Doha a confirmé la tendance. Sous couvert de seconde période d’engagements dans le cadre du protocole de Kyoto, les négociations ont prolongé la séquence Copenhague-Durban, écartant toute possibilité d’engagement contraignant en termes de réductions d’émissions, poursuivant l’affaiblissement du protocole de Kyoto (très peu de pays et engagements faibles), et ce sans fournir les financements additionnels attendus. Les responsabilités sont désormais diluées à travers la négociation d’un nouveau mandat pour 2015 qui ne serait applicable qu’en 2020. Peu à peu, les gouvernements condamnent la planète à une augmentation de la température globale de plus de 4°C.

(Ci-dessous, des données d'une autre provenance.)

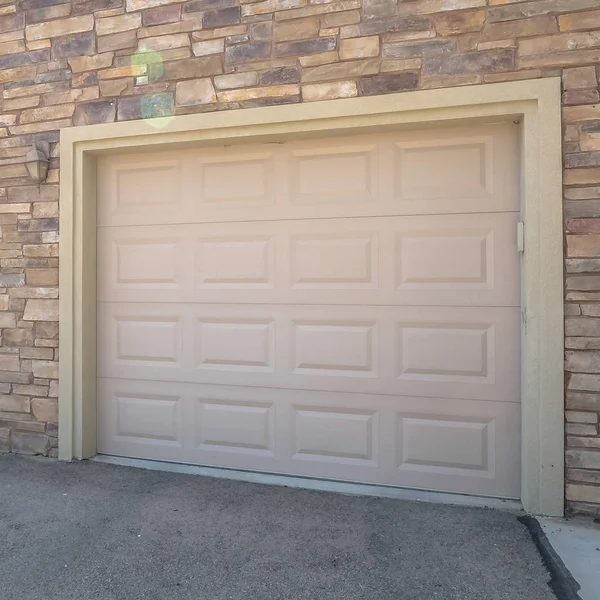 Квадратные белые двери гаража дома на фоне стены, покрытой каменными брикетами — стоковое фото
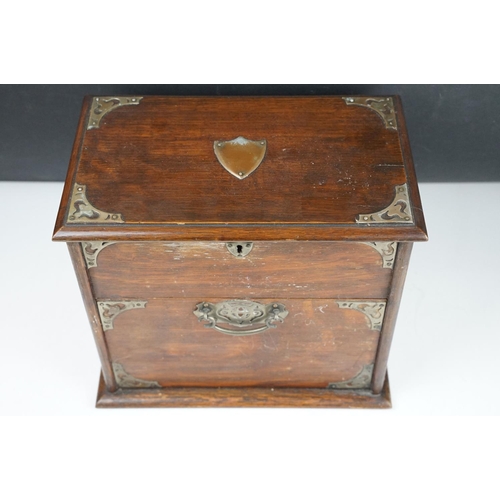 154 - Late 19th / early 20th century oak vanity box / cabinet, the lid and fall front lower compartment be...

C’est le pronostic alarmant que viennent de délivrer plusieurs recherches. C’est notamment le dernier rapport de la Banque mondiale rédigé par le Potsdam Institute for Climate Impact Research3, qui prévoit pêle-mêle « inondation des villes côtières, menaces sur la production alimentaire menant à une hausse des taux de sous-alimentation et de malnutrition ; désertification accrue des régions sèches, humidification accrue des régions humides ; vagues de chaleur sans précédent dans de nombreuses régions, en particulier sous les tropiques ; aggravation substantielle de la pénurie d’eau dans de nombreuses régions, augmentation de la fréquence des cyclones tropicaux de grande intensité ; perte irréversible de biodiversité, avec notamment la disparition des récifs coralliens ». Les dommages subis par les écosystèmes réduiraient sans doute considérablement la capacité de la nature à assurer une série de fonctions écologiques pourtant essentielles à la vie humaine et la vie en général. Ce monde serait si différent que « les capacités de prévision et de planification indispensables » seraient remises en cause. Tout comme la possibilité de s’adapter à ces nouvelles conditions.

Ce monde-là, celui qu’ils nous préparent, n’est pas le nôtre. Il n’est pas celui que nous voulons. S’en remettre à chaque fois « au sommet de la dernière chance » – c’est ainsi qu’est déjà annoncée la conférence de l’ONU de 2015 qui pourrait se dérouler en France – puis en être réduit à se lamenter de résultats décevants n’est pas à la hauteur des enjeux. La société civile y compris doit s’interroger sur ses stratégies jusqu’ici non couronnées de succès. La stabilisation du climat et la préservation des conditions indispensables à la vie sont des sujets bien trop importants pour être délégués à quelques-uns, qu’ils soient chefs d’État, scientifiques ou porte-parole médiatiques de la société civile.

Les mobilisations actuelles, contre l’aéroport de Notre-Dame des Landes ou contre les gaz et pétrole de schiste, sont des étapes clefs dans l’optique d’imposer des politiques publiques de sobriété et d’efficacité énergétiques, capables de financer la transition écologique et sociale à laquelle nous aspirons. Afin de construire dès aujourd’hui le monde de demain, il faut y ajouter une forme d’insurrection démocratique et d’innovation sociale, impliquant le plus grand nombre, capable de mettre en pratique et d’étendre toutes les expériences alternatives existantes qui renforcent notre autonomie et la résilience des territoires.

par Maxime Combes

Notes

1. http://iea.org/publications/freepub...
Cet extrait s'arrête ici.